At the Museum of Moving Image, scripts, set designs, and research material reveal the making of the HBO hit.

In 1997, in the years before The Wire, Game of Thrones, and Succession, HBO was an upstart in search of a hit. It took a chance on a script by David Chase about Tony Soprano, a New Jersey mob captain in need of therapy, that over six seasons would grow into one of the network’s crown jewels.

A new show at the Museum of Moving Image (MoMI), “Stories and Set Designs for The Sopranos,” captures the urgent energy channeled by Chase and his team of collaborators as they turned daring pilot into a show that would pave the way for a golden age of television.

At its heart is a display case shows the team frantically swatting up on their knowledge of the Italian-American underworld in the months leading up to the filming of the pilot. There are clippings on the Genovese crime family, notes titled “Wiseguy Research,” and a document assigning characters their place within the mafia hierarchy. Chase may have been inspired by the northern New Jersey community he grew up in, but the research went deep. In one case, someone probes their connections in the Chicago crime network to learn about marital infidelity. “The wives look the other way,” the source reports.

Display case showing research into the Sopranos. Photo: Thanassi Karageorgiou/Museum of Moving Image.

The surrounding four walls are dedicated to the spaces in which the drama unfolds: the Soprano family home, the Bada Bing strip club, Dr. Melfi’s psychiatry office, and the meat market that doubles as a Mafiosi meeting place. For the pilot, all but Melfi’s office had been shot on location and so for the first season, the production designer, Dean Taucher, recreated them at Silvercup Studios in Queens—Chase insisted, however, that all exterior shots take place in New Jersey. For each location, the curators provide an episode clip and its script along with concept art and ground plans, which have been in the MoMI’s collection for some time.

“By joining the design materials to the writing materials we wanted to provide a closer look at how The Sopranos, and a television series more broadly, moves from that initial pilot stage into series production,” the exhibition’s curator Barbara Miller said over the phone. “It uncovers the mystery of how these things happen. It’s work; it’s not magic.”

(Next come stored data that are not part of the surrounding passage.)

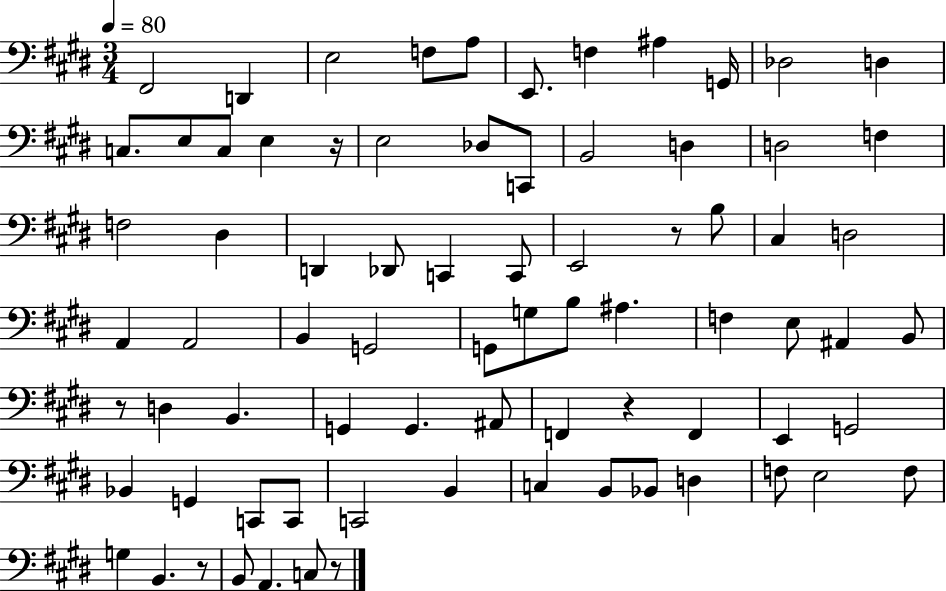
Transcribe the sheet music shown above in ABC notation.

X:1
T:Untitled
M:3/4
L:1/4
K:E
^F,,2 D,, E,2 F,/2 A,/2 E,,/2 F, ^A, G,,/4 _D,2 D, C,/2 E,/2 C,/2 E, z/4 E,2 _D,/2 C,,/2 B,,2 D, D,2 F, F,2 ^D, D,, _D,,/2 C,, C,,/2 E,,2 z/2 B,/2 ^C, D,2 A,, A,,2 B,, G,,2 G,,/2 G,/2 B,/2 ^A, F, E,/2 ^A,, B,,/2 z/2 D, B,, G,, G,, ^A,,/2 F,, z F,, E,, G,,2 _B,, G,, C,,/2 C,,/2 C,,2 B,, C, B,,/2 _B,,/2 D, F,/2 E,2 F,/2 G, B,, z/2 B,,/2 A,, C,/2 z/2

Ground plan for Dr. Melfi’s office by Edward Pisoni. Photo: courtesy the Museum of the Moving Image.

By the late 1990s, audiences were familiar with meeting America’s mafia men on screen, but what immediately set The Sopranos apart was the psychological element. This plays out in Melfi’s office in which Tony (played by James Gandolfini) haphazardly shares the anxieties of his profession and what might modestly be called “mother issues.” Ed Pisano’s original design—drawings of which were previously gifted to the museum—is a thing of hardwood and cold lighting, an austere circular space with no escape. “Look,” Tony said in the pilot, “it’s impossible for me to talk to a psychiatrist.” The viewer knows otherwise.

A focus of these sessions is Tony’s tension with his mother Livia (Nancy Marchand), a character loosely inspired by Chase’s own eccentric mother. As the exhibition reveals, Chase originally planned on having Tony kill his mother at the end of the season, but this changed owing to the strength of Livia’s character and Marchand’s relationship with the production.

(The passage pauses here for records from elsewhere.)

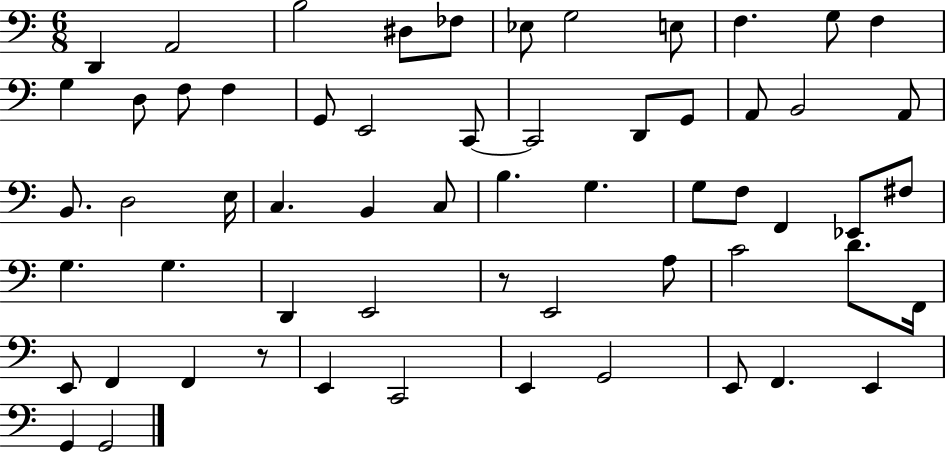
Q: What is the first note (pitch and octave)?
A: D2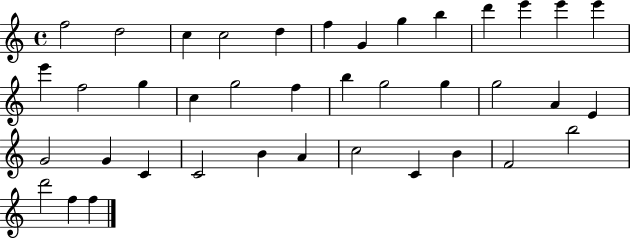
{
  \clef treble
  \time 4/4
  \defaultTimeSignature
  \key c \major
  f''2 d''2 | c''4 c''2 d''4 | f''4 g'4 g''4 b''4 | d'''4 e'''4 e'''4 e'''4 | \break e'''4 f''2 g''4 | c''4 g''2 f''4 | b''4 g''2 g''4 | g''2 a'4 e'4 | \break g'2 g'4 c'4 | c'2 b'4 a'4 | c''2 c'4 b'4 | f'2 b''2 | \break d'''2 f''4 f''4 | \bar "|."
}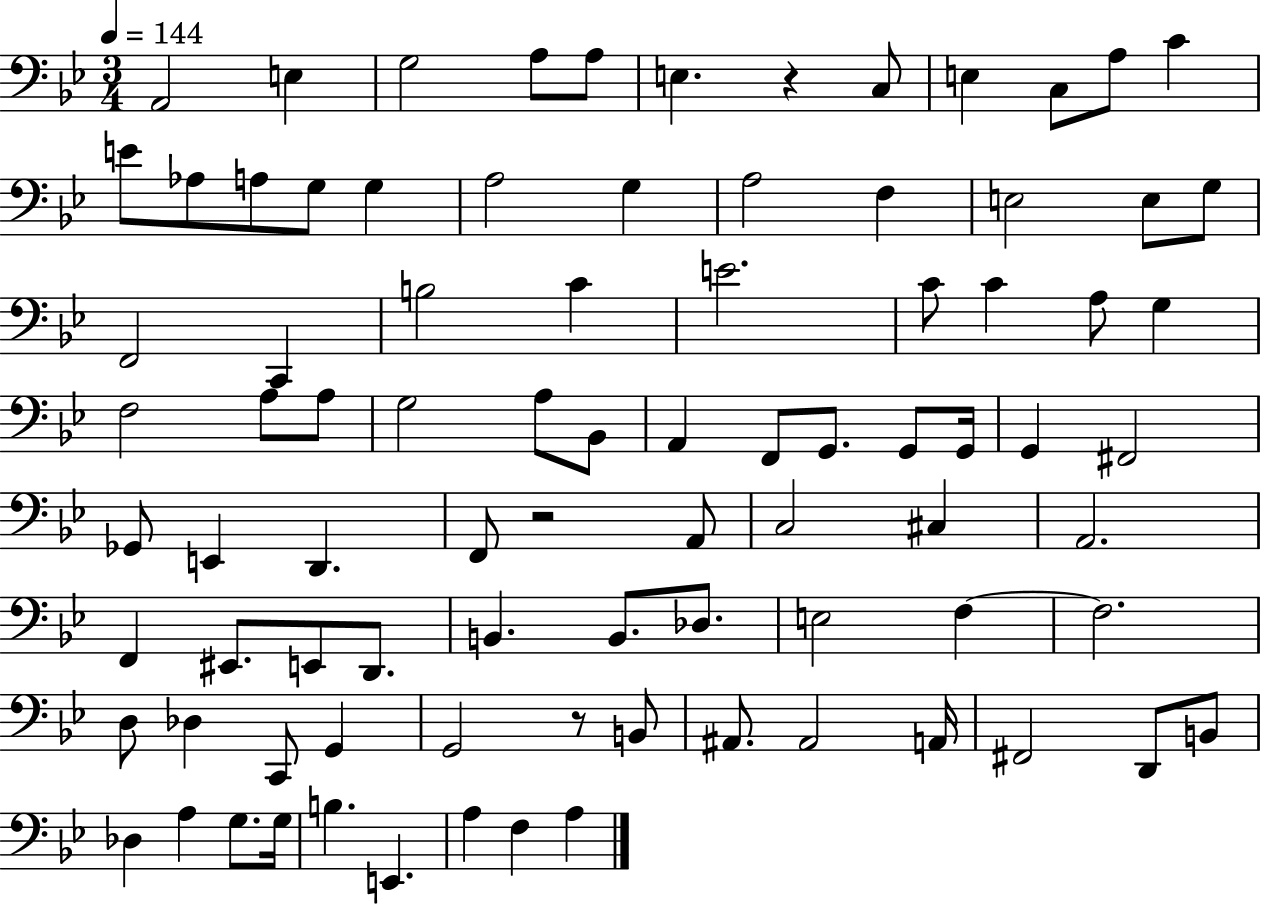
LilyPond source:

{
  \clef bass
  \numericTimeSignature
  \time 3/4
  \key bes \major
  \tempo 4 = 144
  a,2 e4 | g2 a8 a8 | e4. r4 c8 | e4 c8 a8 c'4 | \break e'8 aes8 a8 g8 g4 | a2 g4 | a2 f4 | e2 e8 g8 | \break f,2 c,4 | b2 c'4 | e'2. | c'8 c'4 a8 g4 | \break f2 a8 a8 | g2 a8 bes,8 | a,4 f,8 g,8. g,8 g,16 | g,4 fis,2 | \break ges,8 e,4 d,4. | f,8 r2 a,8 | c2 cis4 | a,2. | \break f,4 eis,8. e,8 d,8. | b,4. b,8. des8. | e2 f4~~ | f2. | \break d8 des4 c,8 g,4 | g,2 r8 b,8 | ais,8. ais,2 a,16 | fis,2 d,8 b,8 | \break des4 a4 g8. g16 | b4. e,4. | a4 f4 a4 | \bar "|."
}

Sopranos bedroom set. Photo courtesy of the Museum of Moving Image.

The contrast between their respective homes shows that Tony has surpassed the success of his father, Johnny. Whereas Livia’s house is a generic middle-class box, her son lives in a sprawling suburban mansion with faux-Renaissance paintings (by Michael Zansky), crystal wall lamps, and a swimming pool. It’s a space meant to act as a refuge, as shown in a concept drawing of Tony stood at the top of his foyer staircase surveying his home in a tight-fitting polo shirt and topped by a halo.

The Bada Bing strip club and Satriale’s Pork Store work to pierce the veneer of any such respectability. The backroom of the strip club, whose sign was drawn from truck mud flaps, is on the nose with dim lighting, a pool table, and risqué posters. Likewise, Satriale’s recreates a meat market in Elizabeth, New Jersey, that had been used to shoot the pilot. To do so, they took over a plot in the nearby town of Kearny—though they did add a smiling pig to the roof.

Concept art for the Bada Bing office. Photo courtesy of the Museum of Moving Image.

Over the course of its eight-year run, details like these became intimately familiar to viewers. One detail that did change was the show’s logo. The downward facing gun originally mimicked the letter “r.” This was deemed “cheesy 007 James Bond” and certainly not the first impression the showrunners were going for.

“That golden age was not just about the excellence of the show itself, but a product of the conditions of the industry at that moment,” Miller said. “The Sopranos connecting with HBO in that dynamic moment was fortuitous, both for them and for us as viewers.”

Script for The Sopranos pilot. Photo courtesy of the Museum of Moving Image.

“Stories and Set Designs for The Sopranos” is on view at the Museum of Moving Image, New York, February 14–May 31.